OPEC Meeting to Discuss Oil Cutback Failures Comes As Worries Grow Over Venezuela's Potential Collapse

by Ship & Bunker News Team
Friday July 28, 2017

Although considerable scrutiny has already been focused by the analytical community on why certain members of the Organization of the Petroleum Exporting Countries (OPEC) are falling behind in their pledges to limit production under the cartel's cutback agreement, people familiar with the matter told Bloomberg that OPEC will convene in Abu Dhabi as early as next week to discuss the matter.

Presumably, talk could also include the precarious situation in Venezuela, which experts say could become the first sovereign oil producer to "fully fail" if president Nicolas Maduro on Sunday attempts to cement his power by forming a new National Constituent Assembly (ANC) composed of Maduro supporters that would supersede other legislative bodies.

Venezuela as well as Algeria (who have averaged a 39 and 70 percent cutback compliance to date) won't attend the OPEC meeting, which is being chaired by Kuwait and Russia; however, according to the sources, Iraq (whose compliance slumped to 29 percent in June) has indicated it will attend, and others have yet to confirm their presence.

The sources predict that some nations will argue that the independent bodies used by OPEC to determine compliance overestimate their production levels.

It is unclear whether the meeting will be an opportunity for Saudi Arabia to follow through on its vow to increase pressure on cheating members.

While the outcome of the meeting may well affect oil prices, the Venezuela situation is likely to have a far greater impact if the ANC is formed, which would allow Maduro - widely blamed for sending the republic into an economic tailspin - to rewrite the country's constitution as he pleases.

Helima Croft, global head of commodity strategy at RBC Capital Markets, said in a note that  U.S. president Donald Trump has "issued stark warnings to Maduro about the elections and is
reportedly giving serious consideration to targeting the country's oil sector by either banning Venezuelan imports into the United States or prohibiting the use of dollars in [state-run oil company] PDVSA transactions."

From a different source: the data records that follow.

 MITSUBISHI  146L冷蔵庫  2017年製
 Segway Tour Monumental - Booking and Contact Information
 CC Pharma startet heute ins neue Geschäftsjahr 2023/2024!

She added that "Either measure would result in extreme economic duress; with the country's foreign reserves recently having fallen below $10 billion, PDVSA will be extremely hard pressed to avoid a disorderly default in the autumn or continue any semblance of regular salary payments."

Croft concluded that "Unless Maduro has an 11th-hour change of heart, Venezuela appears poised to earn the dubious distinction of being the first sovereign oil producer to fully fail."

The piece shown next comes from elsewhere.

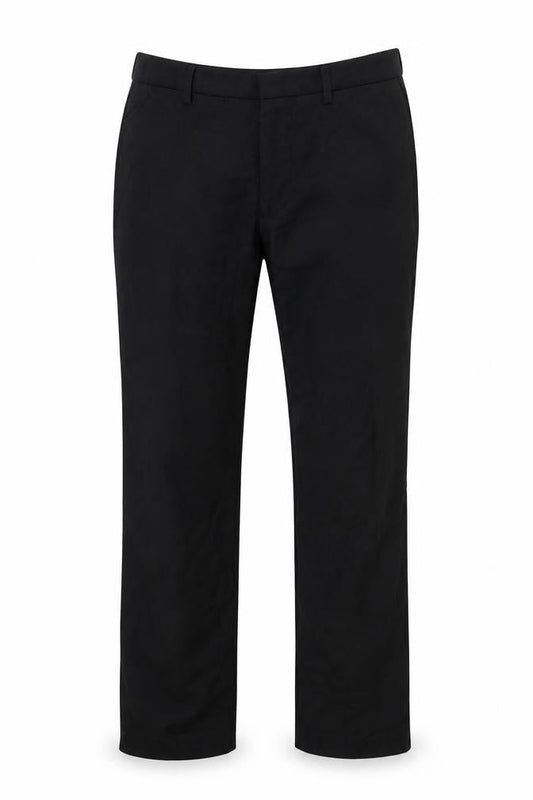 Burton Mens Black   Trousers  Size 32 in L31 in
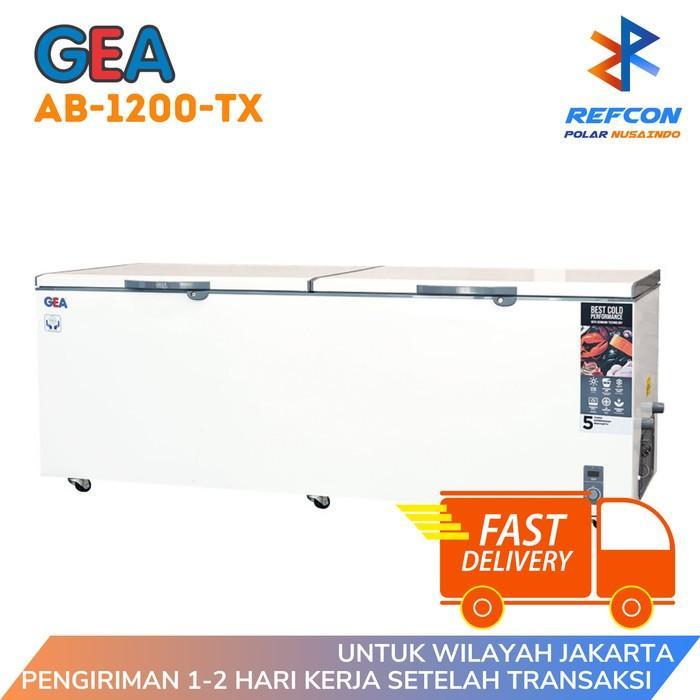 Chest Freezer GEA AB 1200 TX / AB 1200TX 1050 Liter Freezer Box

But depending on one's viewpoint, Maduro's bid for outright dictatorship - which may prove troublesome for OPEC - doesn't necessarily spell calamity for the global crude market: recently, Olivier Jakob, managing director for PetroMatrix, pointed out that "the market has been tightening and the refinery margins are strong; you add geopolitical risk premium for Venezuela, and you've got a strong market."